Most of the time that feels like a curse, a flogging. I'm always coming up short.

But there's another way to look at mom guilt.

We are giving a shit.

We are actively reaching, every day, to be better.

We are the owners of superhuman hearts, beating ceaselessly in our tired mortal bodies, continuing to work long after we should just be all worn out.

Why not have out-of-this-world aspirations for the kind of parent you want to be, for the experiences you want to share with your kids?

If we went to bed happy every night, feeling like it was good enough to just keep them alive, maybe we weren't reaching high enough.
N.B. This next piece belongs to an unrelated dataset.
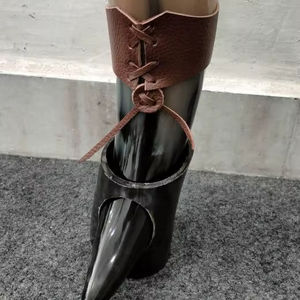 Cuerno Vikingo Pulido de la Mejor Calidad para Beber, con Soporte de Cuerno y Soporte de Cuero, 400 ml, Cuernos Vikingos de la India en Venta - Product Image 1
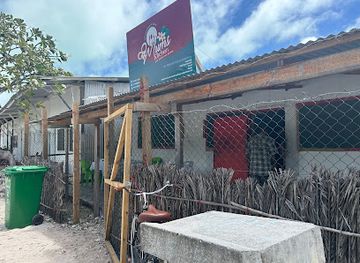 kiribati/kiritimati-christmas-island/restaurant/mum-s-kitchen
Hemingway always stopped writing before he was out of things to say. That way, he'd wake up the next morning and have at least a little something to start with. I feel like that should be us.

Not riddled with guilt, but propelled by the pursuit of excellence.

Not bogged down in regrets, but lifted up by our potential.

Not punishing yourself for making cereal for dinner, but proud of your decision to spend cooking time doing something the fuck else, and looking forward to sitting down at the table tomorrow with, I don't know, soup.

I'm not saying we should validate a sense of failure. Cereal for dinner isn't a failure. It is what it is, and starving kids in Africa yadda yadda yadda.

I'm saying we should accept what happened today - some was great, some could have been greater. And go to bed knowing that at the very least your superhuman heart wanted to do more, and tomorrow it will still want to be better, and the wanting is half the battle.